14 Juni 2011 | By: nsikome

THE LOST CITY-Golden Mountain (Cerita Bersambung) Part 3

Hai...time goes so fast!!...ternyata sudah hari SELASA!!...seharusnya aku memosting part 3 "The Lost City" kemarin ya? Maaf bagi yg nunggu, aku agak sibuk dan baru "ngeh" setelah ada yang komplain, hehe..Nggak perlu banyak basa-basi deh, selamat menikmati aja, dan semoga kamu semua pada suka..

THE LOST CITY

(Golden Mountain) PART 3


Airmataku mulai jatuh. Ku lihat Intipalla memandangi Annamaya dengan mata memohon. Sejenak ada kesunyian yang tak mengenakkan, aku makin gelisah. Kulihat pemuda itu juga kelihatan tidak tenang.

“ Baiklah, Aning. Aku tak akan membuatmu jadi penggantiku, maafkan aku, tapi aku terpaksa berbuat hal itu, kalau tidak nyawaku yang akan hilang ! “ tukas Annamaya dengan nada menyesal, tak ku sangka pertemuan kami yang singkat itu ternyata telah menumbuhkan rasa bersahabat yang sangat erat.

Sesaat, ada keheningan yang tercipta di antara kami.

“ Inti, apa aku boleh turun untuk melihat-lihat kampungmu ? “ pintaku sengaja memecah kesunyian yang terasa mulai tak nyaman.

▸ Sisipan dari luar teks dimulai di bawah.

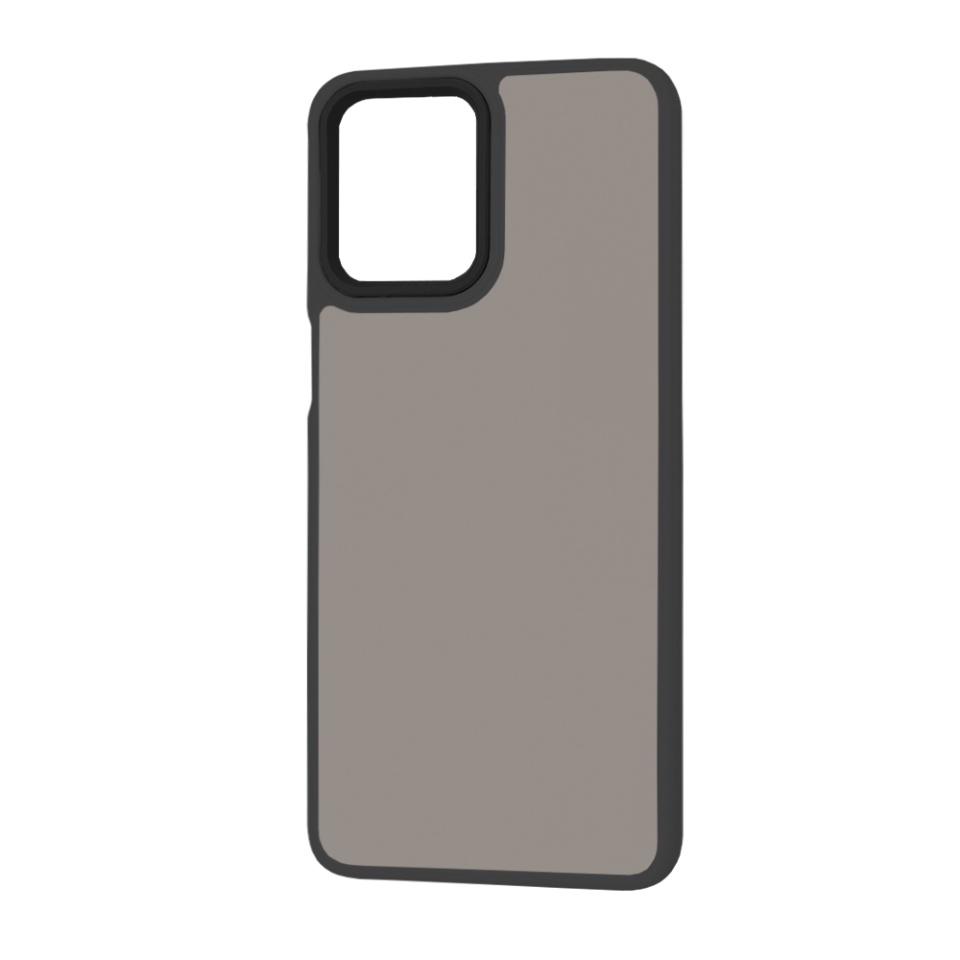 Husa pentru Motorola Moto G14, ce Absoarbe Cele mai Aspre Socuri, Skyddar Frosted - Negru - 3 | YEO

“Tentu saja boleh, Aning. “ ucap Intipalla yang mengiyakan. Kami bertiga lalu mulai berjalan menuruni bukit, menuju ke kampung. Cuaca sangat cerah, matahari bersinar terik diatas kepala, tetapi udara disini terasa sangat sejuk. Bahkan sesekali kulihat ada kabut yang melayang-layang diatas atap yang berwarna keemasan itu.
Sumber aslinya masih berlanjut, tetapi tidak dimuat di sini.